On Fri, Mar 12, 2010 at 02:07:40AM +0100, Hubert Kario wrote:
> > > For example - you have a disk that has had all it's addressable blocks
> > > tainted. A new write comes in - what do you do with it? Worse, a write
> > > comes in spanning two erase blocks as a consequence of the data
> > > re-alignment in the firmware. You have no choice but to wipe them both
> > > and re-write the data. You'd be better off not doing the magic and
> > > assuming that the FS is sensibly aligned.
> > 
> > Ok, how exactly would the FS help here?  We have a device with a 256kb
> > erasure size, and userland does a 4k write followed by an fsync.
> 
> I assume here that the FS knows about erasure size and does implement TRIM.
> 
> > If the FS were to be smart and know about the 256kb requirement, it
> > would do a read/modify/write cycle somewhere and then write the 4KB.
> 
> If all the free blocks have been TRIMmed, FS should pick a completely free 
> erasure size block and write those 4KiB of data.
> 
> Correct implementation of wear leveling in the drive should notice that the 
> write is entirely inside a free block and make just a write cycle adding 
> zeros 
> to the end of supplied data.
> 
> > The underlying implementation is the same in the device.  It picks a
> > destination, reads it then writes it back.  You could argue (and many
> > people do) that this operation is risky and has a good chance of
> > destroying old data.  Perhaps we're best off if the FS does the rmw
> > cycle instead into an entirely safe location.
> 
> And IMO that's the idea behind TRIM -- not to force the device do do rmw 
> cycles, only write cycle or erase cycle, provided there's free space and the 
> free space  doesn't have considerably more write cycles than the already 
> allocated data.
> 
> > 
> > It's a great place for research and people are definitely looking at it.
> > 
> > But with all of that said, it has nothing to do with alignment or trim.
> > Modern ssds are a raid device with a large stripe size, and someone
> > somewhere is going to do a read/modify/write to service any small write.
> > You can force this up to the FS or the application, it'll happen
> > somewhere.
> 
> Yes, and if the parition is full rmw will happen in the drive. But if the 
> partition is far from full, free space is TRIMmed then than the r/m/w cycle 
> will happen inside btrfs and the SSD won't have to do its magic -- making the 
> process faster.

The filesystem cannot do read/modify/write faster or better than the
drive.  The drive is pushing data around internally and the FS has to
pull it in and out of the sata bus.  The drive is much faster.
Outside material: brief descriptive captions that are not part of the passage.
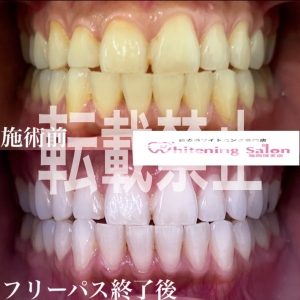 【口臭と虫歯との関係】福岡博多/ホワイトニング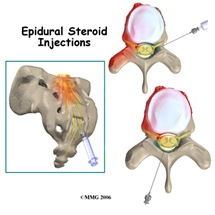 Best-Epidural-Doctor-NYC-3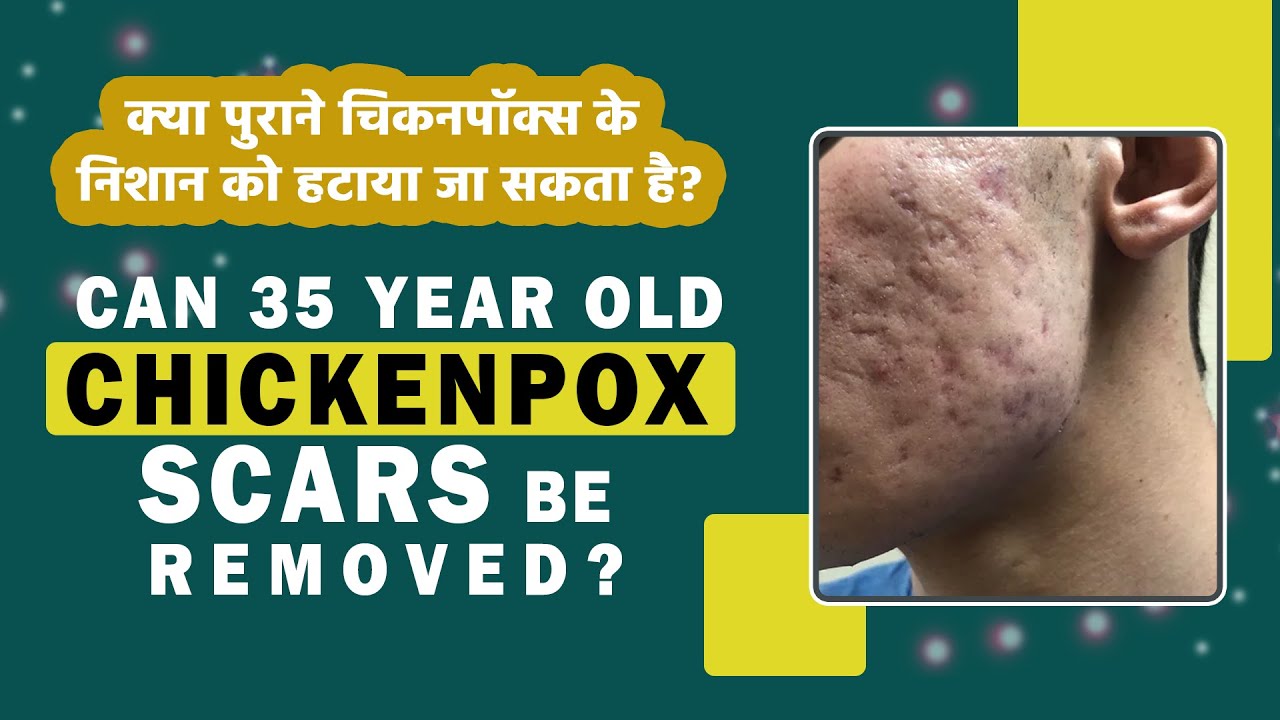 Can 35YearOld Chicken Pox Scars be Removed? Cosmetic Surgery for Scar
The FS can be safer than the drive because it is able to do more
consistency checks on the data as it reads.  But this also has a cost
because the crcs for the blocks might not be adjacent to the block.

If the FS is the FTL, we don't need trim because the FS already knows
which blocks are in use.  So, there isn't as much complexity in finding
the free erasure block.  The FS FTL does win there.